Activist at Utah oil auction to assert new defense
The Associated Press
Aspen, CO Colorado
SALT LAKE CITY – The federal government has acknowledged it never prosecuted anyone who failed to pay a bid for drilling rights in Utah until a college student offered his bogus bids in an act of environmental defiance.
The admission is giving defense lawyers for Tim DeChristopher hope they can get the two felony charges against him dismissed based on an argument of selective prosecution.
DeChristopher has said he offered bids last December that he couldn’t cover to protect public lands between Arches and Canyonlands national parks in Utah, and to draw attention to climate change.
Federal prosecutors said Tuesday they had disclosed a number of cases where drilling companies or land agents made bids at Utah auctions they didn’t cover financially.

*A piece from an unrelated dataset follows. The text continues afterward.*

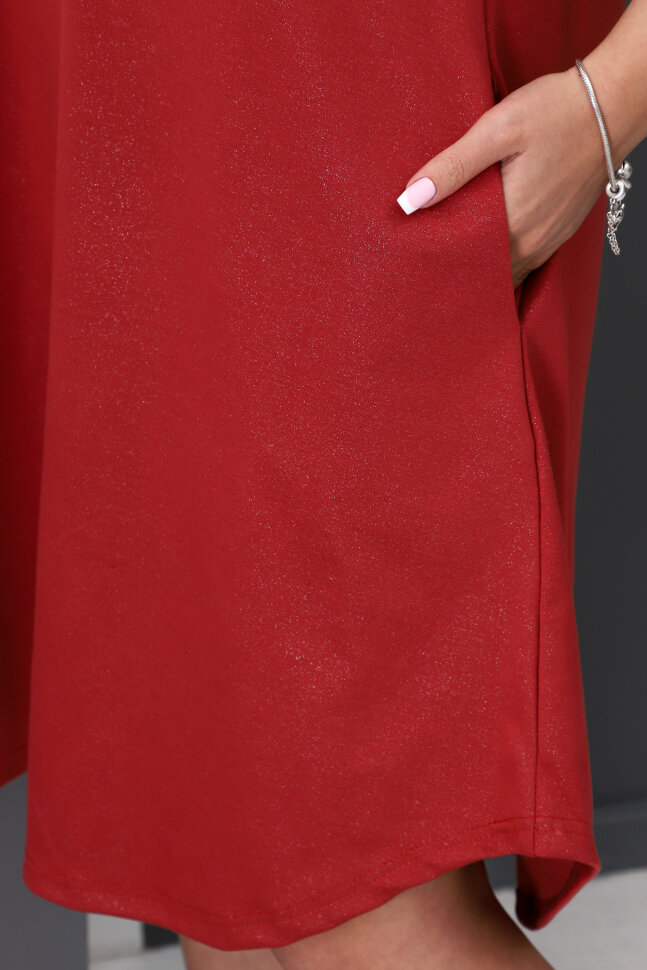 Платье женское 52247 кирпичный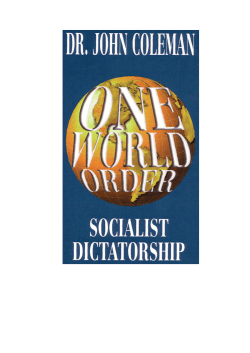 One World Order: Socialist Dictatorship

The reasons weren’t immediately clear.
Defense lawyers said that shows the government is unfairly singling out DeChristopher for prosecution. Government lawyers dispute that and said DeChristopher – unlike other bidders – showed intent to violate the law.
Still, defense lawyers are expected to use the admission to ask a federal judge to toss out two felony charges against DeChristopher, who was indicted in April for interfering with a government auction and making false representations.
It was the only time anybody was ever charged with failing to make good on bids at a lease auction of public lands in Utah, prosecutors told The Associated Press. They expect the defense to exploit this argument, but lawyers have yet to file any papers asserting it.
“There’s people who didn’t have the money – but they didn’t have the intent to disrupt” the auction, assistant U.S. attorney John Huber said.
The government acknowledged 25 cases where bidders failed to come up with money for bids at auctions held by the Bureau of Land Management in Utah, said Patrick Shea, one of DeChristopher’s lawyers and head of the BLM during the administration of President Bill Clinton.
There was no immediate explanation for the circumstances of those 25 cases, which were documented in papers the government gave DeChristopher’s defense team that are not part of the public record.
Prosecutors, however, said they were owning up to the fact and it doesn’t prevent them from prosecuting DeChristopher.
The disclosure came out Tuesday in a hallway after DeChristopher, his lawyers and prosecutors left a private conference with a federal judge, who set DeChristopher’s trial for March 15-17.
DeChristopher, a University of Utah economics major, grabbed a bidder’s paddle last December to run up prices for others and win 13 leases of his own around Arches and Canyonlands parks.
His bidding cost angry oil men hundreds of thousands of dollars in higher bids for their parcels, and DeChristopher ended up with $1.7 million in leases for which he couldn’t pay. He later offered to cover it with an Internet fundraising campaign, but the government refused to accept any of the money after the fact.
DeChristopher has said the administration of former President George W. Bush violated environmental laws in holding the auction. A federal judge later blocked many of the leases from being issued.